(Brief) With the pictures left out, reproduce exactly the lines from the one containing "chaussette ballerine fille" through the final line of the entries.

..............................

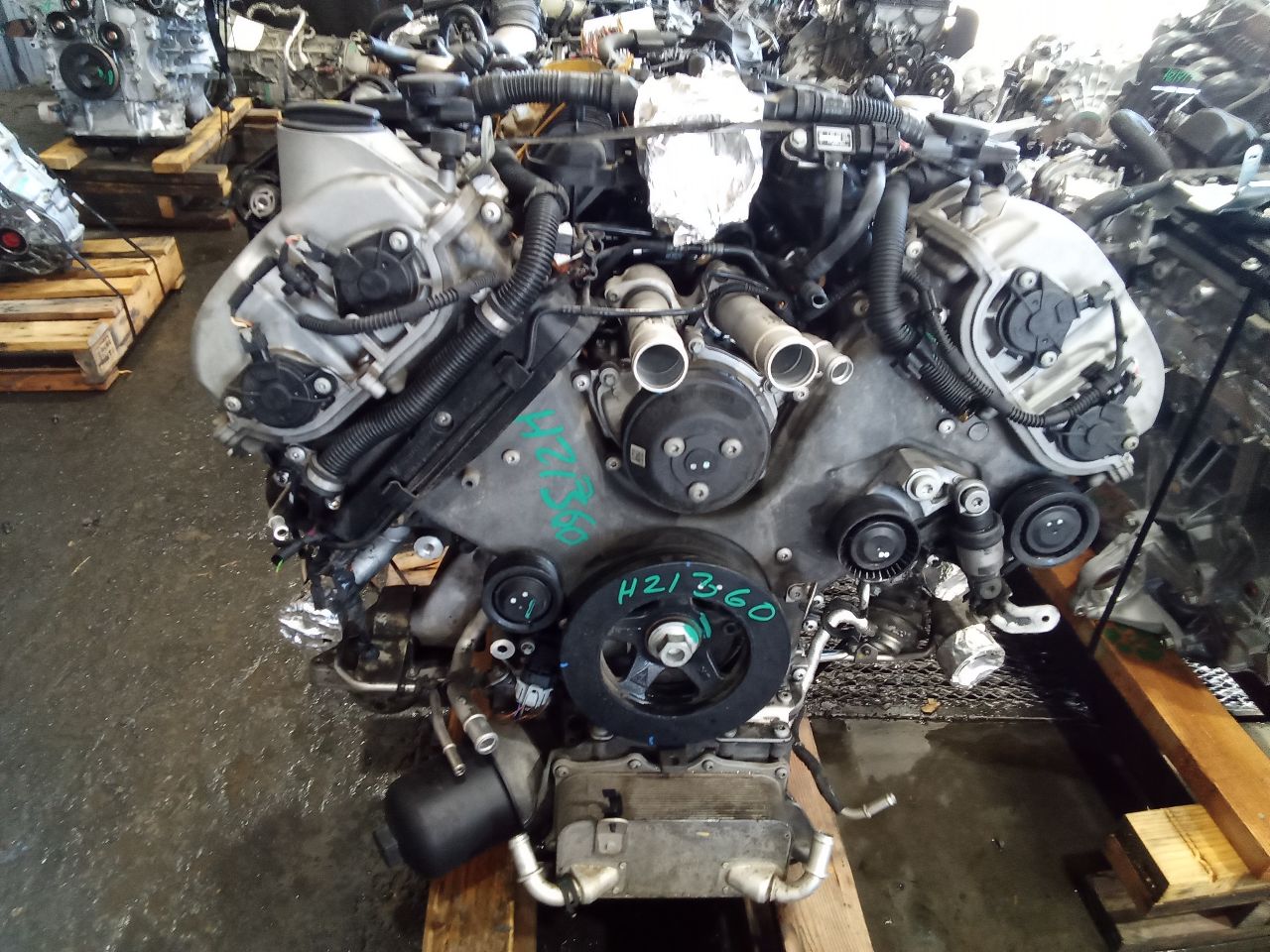 Part image 2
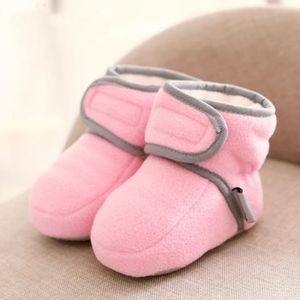 chaussette ballerine fille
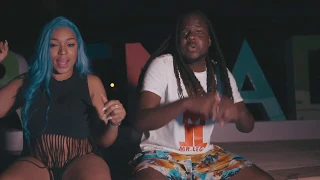 Winning Challenge   Mr Legz x Destra Official Video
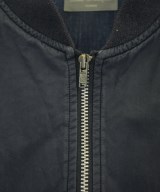 COMME des GARCONS HOMME（コムデギャルソンオム）その他 紺 サイズ:-(XL位) メンズ/2200623903032
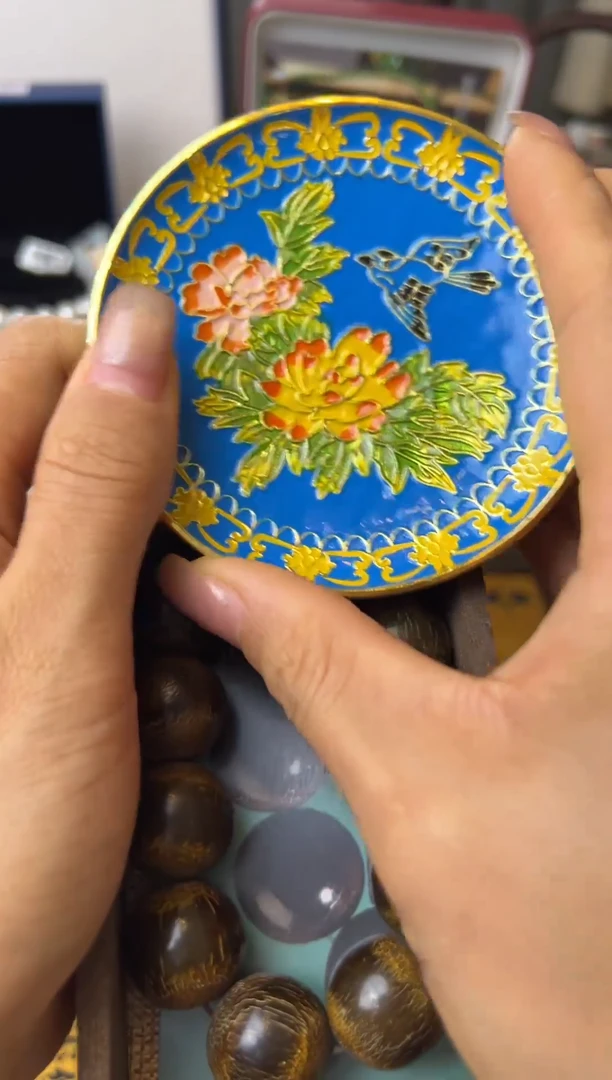 瓷片瓷片瓷片瓷片瓷片瓷片多发性发一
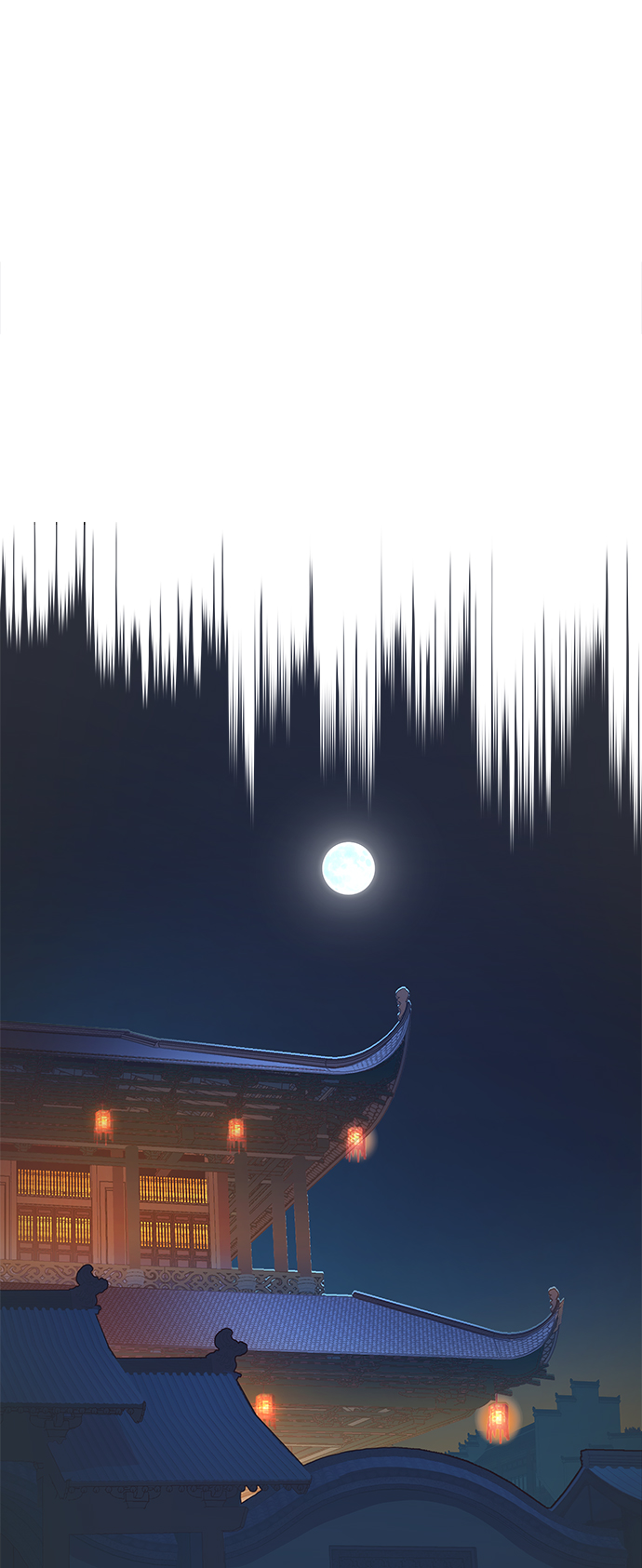第16话64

..............................

(Your response)
 chaussette ballerine fille
 Winning Challenge   Mr Legz x Destra Official Video
 COMME des GARCONS HOMME（コムデギャルソンオム）その他 紺 サイズ:-(XL位) メンズ/2200623903032
 瓷片瓷片瓷片瓷片瓷片瓷片多发性发一
第16话64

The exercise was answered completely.